■ **What this task involves**: Quote the listing in full, exactly as given, minus any pictures.

■ **Supplied data**:
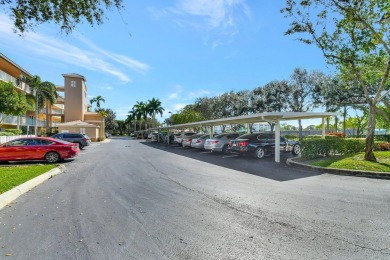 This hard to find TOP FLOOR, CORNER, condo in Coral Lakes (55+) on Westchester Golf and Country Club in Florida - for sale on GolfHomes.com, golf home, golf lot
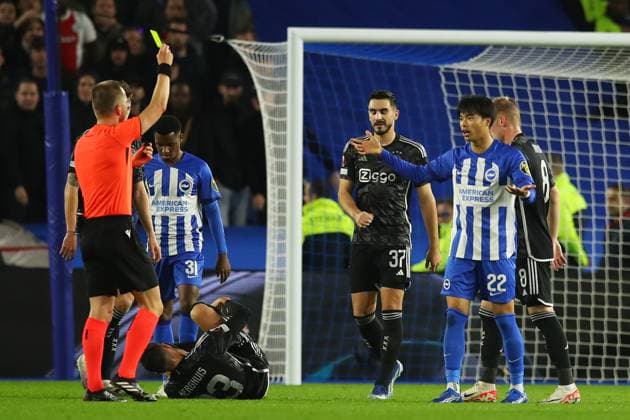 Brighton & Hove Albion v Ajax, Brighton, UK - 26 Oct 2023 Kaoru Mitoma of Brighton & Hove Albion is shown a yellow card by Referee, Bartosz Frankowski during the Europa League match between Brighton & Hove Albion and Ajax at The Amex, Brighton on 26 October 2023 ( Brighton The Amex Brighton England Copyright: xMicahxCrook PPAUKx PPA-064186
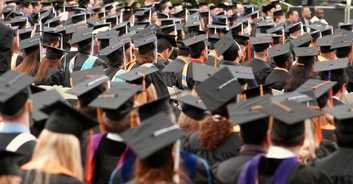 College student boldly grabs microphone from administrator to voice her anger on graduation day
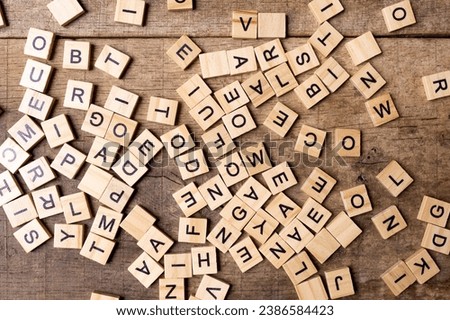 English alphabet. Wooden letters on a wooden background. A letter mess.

■ **Exercise output**:
 This hard to find TOP FLOOR, CORNER, condo in Coral Lakes (55+) on Westchester Golf and Country Club in Florida - for sale on GolfHomes.com, golf home, golf lot
 Brighton & Hove Albion v Ajax, Brighton, UK - 26 Oct 2023 Kaoru Mitoma of Brighton & Hove Albion is shown a yellow card by Referee, Bartosz Frankowski during the Europa League match between Brighton & Hove Albion and Ajax at The Amex, Brighton on 26 October 2023 ( Brighton The Amex Brighton England Copyright: xMicahxCrook PPAUKx PPA-064186
 College student boldly grabs microphone from administrator to voice her anger on graduation day
 English alphabet. Wooden letters on a wooden background. A letter mess.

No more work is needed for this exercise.